Whatever the reason, you can override borgmatic configuration options at the command-line via the --override flag. Here's an example:

borgmatic create --override location.remote_path=/usr/local/bin/borg1

What this does is load your configuration files, and for each one, disregard the configured value for the remote_path option in the location section, and use the value of /usr/local/bin/borg1 instead.

You can even override multiple values at once. For instance:

borgmatic create --override section.option1=value1 section.option2=value2

This will accomplish the same thing:

borgmatic create --override section.option1=value1 --override section.option2=value2

Note that each value is parsed as an actual YAML string, so you can even set list values by using brackets. For instance:

borgmatic create --override location.repositories=[test1.borg,test2.borg]

Or even a single list element:

borgmatic create --override location.repositories=[/root/test.borg]

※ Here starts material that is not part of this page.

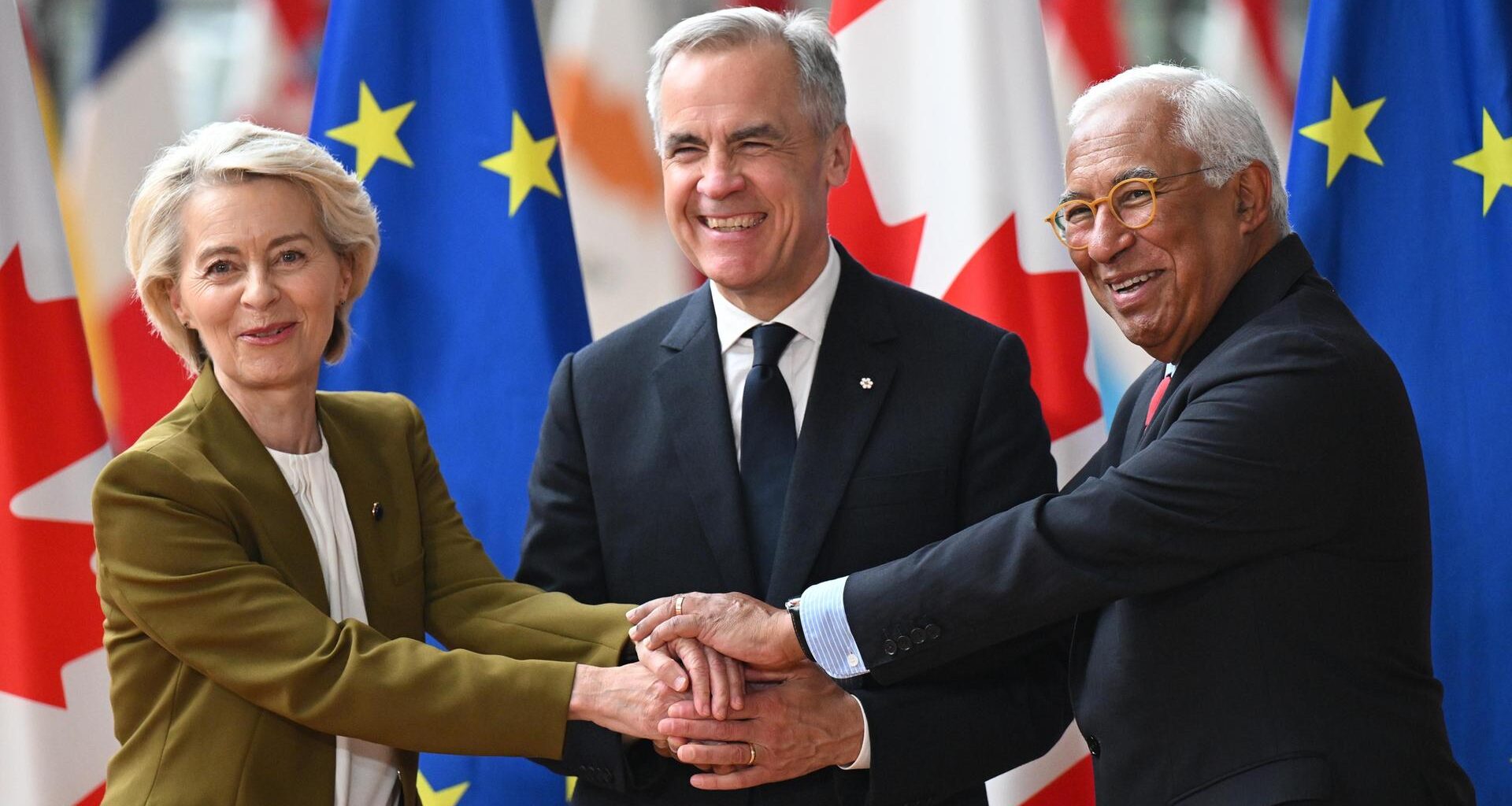 EU-Kommissionspräsidentin Ursula von der Leyen (L), der Präsident des Rats der Europäischen Union, Antonio Costa (R) und der kanadische Ministerpräsident Mark Carney (C) am 23. Juni 2025 beim EU-Kanada-Gipfel in Brüssel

If your override value contains special YAML characters like colons, then you'll need quotes for it to parse correctly:

borgmatic create --override location.repositories="['user@server:test.borg']"

There is not currently a way to override a single element of a list without replacing the whole list.

Note that if you override an option of the list type (like location.repositories), you do need to use the [ ] list syntax. See the configuration reference for which options are list types. (YAML list values look like - this with an indentation and a leading dash.)

Be sure to quote your overrides if they contain spaces or other characters that your shell may interpret.

An alternate to command-line overrides is passing in your values via environment variables.

Constant interpolation

New in version 1.7.10 Another tool is borgmatic's support for defining custom constants. This is similar to the variable interpolation feature for command hooks, but the constants feature lets you substitute your own custom values into anywhere in the entire configuration file. (Constants don't work across includes or separate configuration files though.)

Here's an example usage:

constants:
    user: foo
    archive_prefix: bar

location:
    source_directories:
        - /home/{user}/.config
        - /home/{user}/.ssh
    ...

storage:
    archive_name_format: '{archive_prefix}-{now}'

In this example, when borgmatic runs, all instances of {user} get replaced with foo and all instances of {archive-prefix} get replaced with bar-. (And in this particular example, {now} doesn't get replaced with anything, but gets passed directly to Borg.) After substitution, the logical result looks something like this:

location:
    source_directories:
        - /home/foo/.config
        - /home/foo/.ssh
    ...

storage:
    archive_name_format: 'bar-{now}'

An alternate to constants is passing in your values via environment variables.